HuntWiz

Transform and convert knowledge into LLM-friendly markdown or structured data. Developed by HuntWiz Inc, HuntWiz includes advanced scraping, crawling, and data extraction capabilities.

Note: This service is currently in its early development stages. We are still integrating custom modules into the main repository.

How to use it?

We offer an easy-to-use API with our hosted version.

API Key

To use the API, you need to sign up on HuntWiz and obtain an API key.

Crawling

Use this endpoint to crawl a URL and all its accessible subpages. This submits a crawl job and returns a job ID to check the status of the crawl.

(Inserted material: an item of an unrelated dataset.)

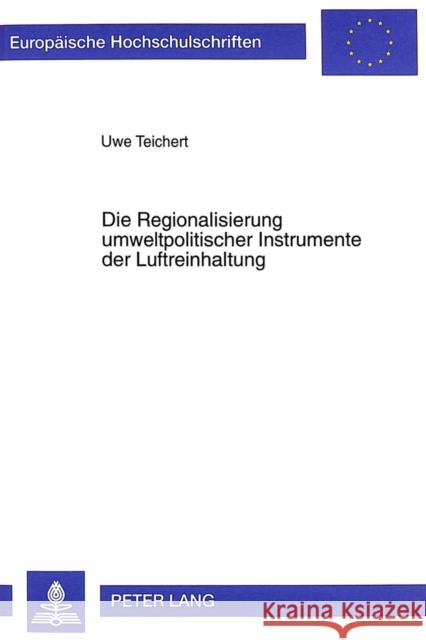Die Regionalisierung Umweltpolitischer Instrumente Der Luftreinhaltung: Eine Kritische Auseinandersetzung Am Beispiel Ostdeutschlands Teichert, Uwe 9783631335208 Peter Lang Gmbh, Internationaler Verlag Der W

curl -X POST https://huntwiz.com/v1/crawl \
    -H 'Content-Type: application/json' \
    -H 'Authorization: Bearer YOUR_API_KEY' \
    -d '{
      "url": "https://example.com"
    }'

Returns a jobId:

{ "jobId": "1234-5678-9101" }

Check Crawl Job

Use this endpoint to check the status of a crawl job and get its result.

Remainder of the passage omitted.